I’ve always enjoyed humor with a nice strong vein of self deprecation. For an actor it has to be especially difficult to set yourself up as the target of humorous jabs. One bizarre format used mostly in really dark humor has the actor providing a twisted self portrait. One of the best examples of this was the peculiar little movie aptly titled ‘John Malkovich. Here a truly gifted dramatic actor ridicules himself for the sake of his art. It takes a lot for anyone to do this so when an actor is willing to purposely has to be given credit for such a bold move. The latest film to travel down this path is the dark comedy ‘Cold Souls’ staring one of the preeminent character actors of his generation, Paul Giamatti. He is the kind of actor who consistently pops up in the most unexpected roles; he has mastered parts running an incredibly broad spectrum from an evil script writer in the tween oriented ‘Big Fat Lair’ to the amazingly poignant portrayal in the award winning ‘Cinderella Man’. Some may feel that calling someone a character actor is a pejorative but it is actual high praise. A good character actor is like a chameleon; able to slip into any role with the ease of donning an old, comfortable pair of jeans. They are rarely type cast and typically among the hardest working members of their profession. Giamatti is one of the best in this often over looked field.

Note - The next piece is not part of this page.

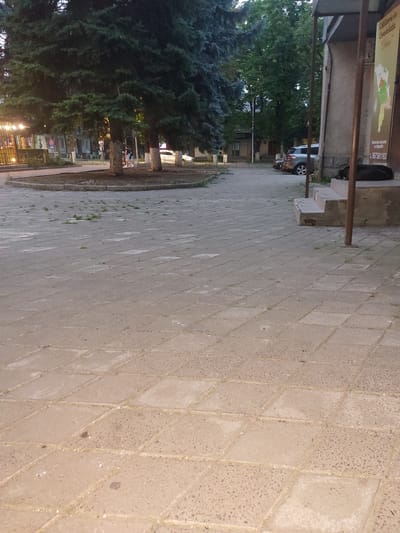 The image captures an outdoor scene in the city of Edineț, Moldova, likely in the evening given the lighting. In the foreground, a paved area composed of square concrete tiles stretches out, with sparse patches of grass growing through some of the cracks. Beyond this, a circular, slightly raised area with a border of stones and dirt is visible, featuring several tall coniferous trees with dark green foliage.
Further in the background, a building with a grey facade and an overhang is present on the right. A dark-colored dog is resting on the concrete steps leading up to this building. A sign with text and a map is attached to the side of the building. Next to the building, there's a parking area with cars. A silver SUV is parked in the mid-ground. On the left side of the image, beyond the trees, there are glimpses of other buildings, streetlights, and a few people walking. The overall impression is a public space or park area adjacent to a building.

Creating a dark comedy such as this is much more difficult than just trying to ply a few laughs from the audience, a good dark comedy, of which this film is a prime example twists your perception. ‘Cold Souls’ transcends the constraints of a single genre encompassing fantasy with a dollop of science fiction thrown in for good measure. This is a thought provoking, tightly constructed movie that will not fail to entertain.
The film was written and directed by Sophie Barthes. She was obviously greatly influenced by the wonderfully bizarre works of creative genius Charlie Kaufman but with a slightly lighter feel. ‘Cold Souls’ is Barthes first feature length film but judging from the quality of the craftsmanship and execution you would never think this was a freshman effort. If this is how she begins I greatly look forward to following her career as she progresses to her next project. The writing is tight, barely a piece of dialogue that doesn’t move the story forward yet exhibiting a great deal of economy. This is echoed by her stylistic directorial choices. The filming is straight forward and natural which is perfect and necessary to sell the more fantastic aspects of the plot as normal and possible. The primary purpose here may be entertainment but that is not mutually exclusive with providing a bitter sweet look at one of the oldest quagmires in human history; understand just what it is that makes us human and unique. This is the central topic of many scholarly endeavors of philosophy and theology nut I have never seen the matter tackled with the approach used here. I wish this film was around in my undergraduate days when my minor was existentialism. It certainly would have made the discussions livelier.
Paul (Paul Giamatti) is a successfully working actor but he is having difficulty with his current role. He just can’t cope with the weight of playing the lead in Chekhov's Uncle Vanya. One afternoon Paul receives a phone call from his agent who casually mentions an article in the latest New Yorker magazine. Dr. Flintstein (David Strathairn) has opened a rather odd business; the extraction and storage of a person’s soul. Paul reads how people feel lighter after the procedure and decides to investigate. In the doctor’s office Paul agrees to the procedure and after a few minutes in a formidable cylindrical device finds himself sitting in a waiting room holding s cylinder containing his soul. Some tests are performed by the pretty assistant (Lauren Ambrose) after which the doctor announces they removed 95% of Paul’s soul. After dropping the soul on the floor it restored to the container and removed for storage. Inter cut in the thread about Paul there is another story running in parallel. Nina (Dina Korzun) is a soul mule. Armed with high tech disguises including removable fingerprints, she travels between Russia and the States smuggling black market souls. The organization she works for is like any Russian crime syndicate you have seen in movies before except their trade is in souls. A few very nicely play expository scenes show Nina as a determined and successful business woman always looking to expand business. When Paul’s soul is waylaid into the black market it winds up in the hands of a Russian actress, Sveta (Katheryn Winnick) who thinks it belongs to Al Pacino. Paul wants his soul, which looks like a chickpea, back and hits the road to recover it.
This is very much an actor’s movie. Giamatti is remarkable in how he visualizes the change from normal to soulless. He conveys the condition with obsessive little ticks and alternations to his general affect. There is an excellent supporting cast here from Emily Watson as his wife (his real life wife produced) to Michael Tucker as the play’s director. Korzun gives an excellent performance as the soul transporter who has to cope with the residual souls she has carried building up within her. The cinematography by Andrij Parekh is some of the best I’ve seen in a long while. There is a stake contrast created from between the modernistic medical facilities and the dank places involved with the hunt for the soul. What makes Giamatti such an incredible actor is his ability to uncover the little unique traits that embodies a person. Here he has the opportunity to focus that receptive eye on himself with very entertaining result.